Problem> Among the lines of the listing below, retype exactly those from the one containing "Canon, Sony &amp;" through the one containing "Guhring 9039130095250 Spiral", both included. Do not include pictures.

Data>
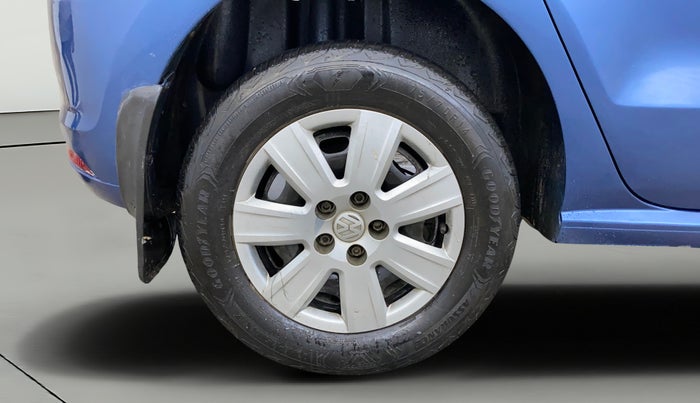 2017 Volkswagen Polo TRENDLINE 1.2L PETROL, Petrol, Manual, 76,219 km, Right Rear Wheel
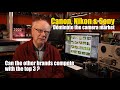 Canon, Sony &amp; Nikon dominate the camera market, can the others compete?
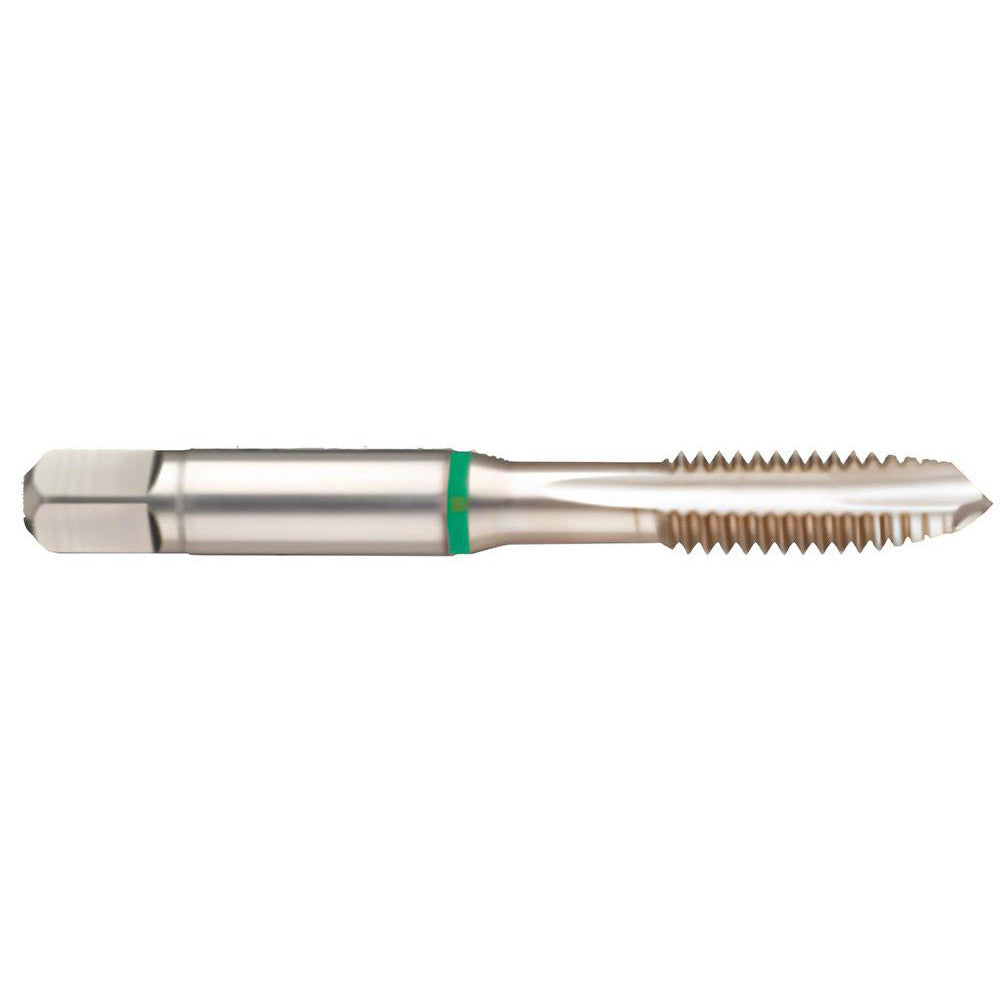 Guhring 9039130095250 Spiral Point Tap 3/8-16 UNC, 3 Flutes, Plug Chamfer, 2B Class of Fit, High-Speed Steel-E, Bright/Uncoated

---

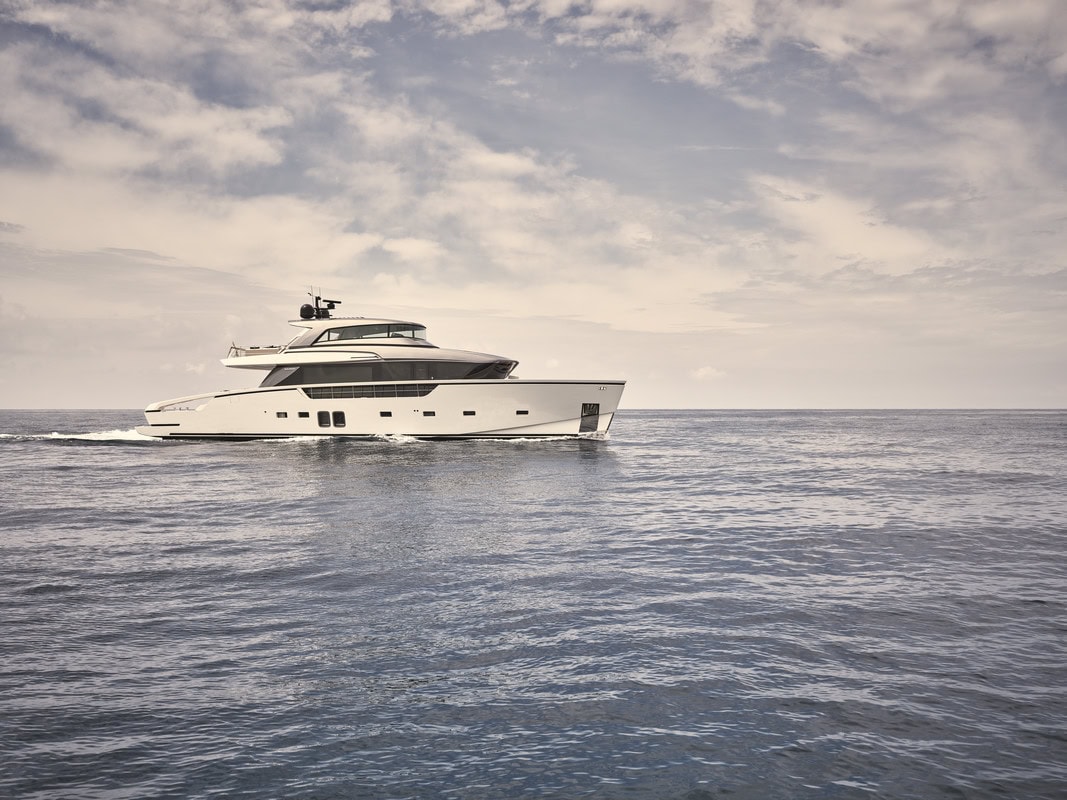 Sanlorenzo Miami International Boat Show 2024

Task result>
 Canon, Sony &amp; Nikon dominate the camera market, can the others compete?
 Guhring 9039130095250 Spiral Point Tap 3/8-16 UNC, 3 Flutes, Plug Chamfer, 2B Class of Fit, High-Speed Steel-E, Bright/Uncoated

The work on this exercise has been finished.